Several weeks ago, I finished reading “Simple Church” by T. Rainer and E. Geiger. I liked their approach, committed as I am to a “less is more” philosophy in movement building. Rainer and Geiger argue that churches (and movements) often make the process of discipleship too complex. Such churches and ministries design elaborate, multi-level outreach strategies and processes. Simple churches (and movements) in contrast make disciples thru a singular, simple, state-able, strategic, sequential process which everyone understands, is aligned to, and remains focused upon.
Rainer and Geiger argue their appeal to simplicity using four concepts: Clarity, Movement (or Sequential Flow), Alignment, Focus.

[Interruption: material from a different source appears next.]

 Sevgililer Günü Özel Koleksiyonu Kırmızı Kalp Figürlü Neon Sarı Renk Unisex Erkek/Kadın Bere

In the following paragraphs, I’ve adapted their four-fold understanding of “simple church” and applied it conceptually to movement building in a high school, college, or military environment. I hope that after grappling with it conceptually I’ll be able to unpack it more practically in future posts. I’d appreciate any thoughts or help on the idea of building “simple movements.”
Definition of Simple Movement:
A simple movement is designed around a straightforward and strategic process that moves people through the stages of spiritual growth. The leadership of the movement is clear about the process (clarity) and are committed to executing it. The process flows logically (in sequential steps) and is implemented in each area of the movement (alignment). The movement abandons everything that is not in the process (focus).
Let me unpack each concept as I see it.
Clarity:
Simple movements are built around a “simple, clear, state-able purpose or mission” that defines the “how” of making disciples. Clarity and simplicity go hand in hand. They are close friends. When the process is clearly defined, the leadership and the people know exactly how the movement is structured to move people toward spiritual growth. The process or the “how” is clear, being constantly discussed, taught and illustrated so that everyone gets it. Understanding always precedes commitment. Leaders of movements know the process and can articulate it to others with conviction. They can do so because they own the process.
Sequential Flow: (Rainer and Geiger use the word “movement” here. I’m using different words to avoid confusion with our “movement-building” purpose.)
Simple movements follow a process in which a sequential set of steps causes people to move to greater areas of commitment. The sequential flow of these steps rests in both their inherent logic and their strategic purpose. Rainer and Geiger argue that the success of a “sequential process” depends upon handoffs–just as a relay race depends upon the crucial handoffs of the baton during the race. In building a movement with sequential flow, it’s all about handoffs–what happens to the person between one level of commitment to the next greater level of commitment.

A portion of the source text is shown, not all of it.